Why Extension Checking Fails

// This "validation" is trivially bypassed
if (!filename.endsWith('.jpg') && !filename.endsWith('.png')) {
  return res.status(400).json({ error: 'Only images allowed' });
}
// Attacker: renames malware.exe to malware.jpg → passes

Real Attack Scenario

  1. Attacker creates webshell.php (PHP backdoor)
  2. Renames to webshell.php.jpg (double extension)
  3. Uploads — your extension check sees .jpg and allows it
  4. Apache with misconfigured mod_php executes it as PHP
  5. Attacker has remote code execution on your server

The Three Layers of File Type Detection

Layer 1: File Extension (Weakest)

photo.jpg          → Looks like JPEG
photo.php.jpg      → Double extension — which does the server use?
photo.jpg%00.php   → Null byte injection (older systems)

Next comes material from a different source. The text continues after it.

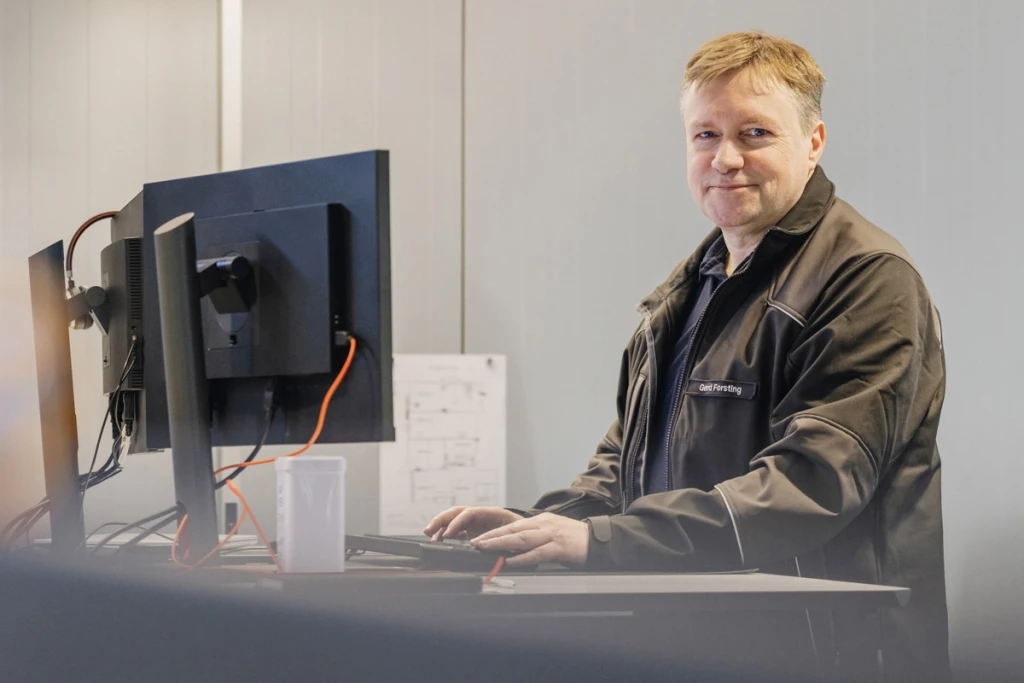 25-ddT_schwab-guillod_gerd_forsting_web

Reliability: None. Anyone can rename a file.

Layer 2: MIME Type (Client-Reported)

The browser sends Content-Type based on the OS file association:

Content-Type: image/jpeg

Reliability: Low. If the attacker renames .php to .jpg, the browser sends image/jpeg.

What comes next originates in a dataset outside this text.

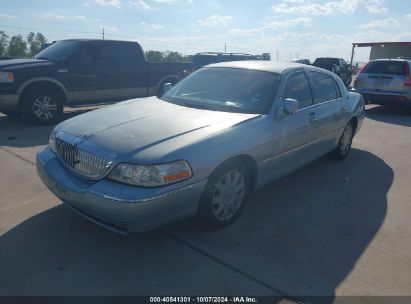 2005 LINCOLN TOWN CAR SIGNATURE LIMITED Blue  Gasoline 1LNHM82WX5Y624027 photo #3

Layer 3: Magic Bytes (File Signature — Strongest)

The first bytes of a file identify its true format:

| Format | Magic Bytes | Hex | |--------|------------|-----| | JPEG | ÿØÿ | FF D8 FF | | PNG | .PNG | 89 50 4E 47 | | PDF | %PDF | 25 50 44 46 | | ZIP/DOCX/XLSX | PK.. | 50 4B 03 04 | | GIF | GIF8 | 47 49 46 38 | | MP4 | ftyp | 66 74 79 70 (at offset 4) | | SQLite | SQLite format 3 | 53 51 4C 69 74 65 | | WASM | .asm | 00 61 73 6D |

Reliability: High. Attacker must modify the actual binary content.

Implementation: Three-Layer Validation

import { fileTypeFromBuffer } from 'file-type';
import path from 'path';

const ALLOWED = {
  'image/jpeg': ['.jpg', '.jpeg'],
  'image/png': ['.png'],
  'application/pdf': ['.pdf'],
};

async function validateFile(originalName, buffer) {
  // Layer 1: Extension whitelist
  const ext = path.extname(originalName).toLowerCase();
  const allowedExts = Object.values(ALLOWED).flat();
  if (!allowedExts.includes(ext)) {
    throw new Error(`Extension ${ext} not allowed`);
  }

  // Layer 2: Magic bytes detection
  const detected = await fileTypeFromBuffer(buffer);
  if (!detected) {
    throw new Error('Could not detect file type from content');
  }

  // Layer 3: Cross-check — do extension, MIME, and magic bytes agree?
  const allowedMimes = Object.keys(ALLOWED);
  if (!allowedMimes.includes(detected.mime)) {
    throw new Error(`Detected type ${detected.mime} not in allowlist`);
  }

  // Verify extension matches detected type
  const expectedExts = ALLOWED[detected.mime];
  if (!expectedExts.includes(ext)) {
    throw new Error(
      `Extension mismatch: ${ext} but content is ${detected.mime}`
    );
  }

  return { mime: detected.mime, ext: detected.ext };
}

What Are Polyglot Files?

A polyglot file is valid in multiple formats simultaneously. For example, a file that is both a valid JPEG and valid JavaScript:

FF D8 FF E0 ... [JPEG data] ... /* = */ alert('XSS'); //

This file:

  • Opens in an image viewer as a normal JPEG
  • Executes as JavaScript if served with text/javascript MIME type

Defense Against Polyglots

  1. Re-encode images (strips embedded payloads):
// sharp re-encoding destroys any non-image payload
await sharp(uploadedBuffer)
  .jpeg({ quality: 85 })
  .toBuffer();
  1. Set X-Content-Type-Options: nosniff (prevents MIME sniffing):
X-Content-Type-Options: nosniff
  1. Serve user uploads from a separate domain (same-origin isolation):
Main app:    app.example.com
User files:  uploads.example.com  (different origin → no cookie access)

Python Implementation

import magic

ALLOWED_MIMES = {
    'image/jpeg': ['.jpg', '.jpeg'],
    'image/png': ['.png'],
    'application/pdf': ['.pdf'],
}

def validate_file(filepath, original_name):
    # Magic bytes detection
    detected_mime = magic.from_file(filepath, mime=True)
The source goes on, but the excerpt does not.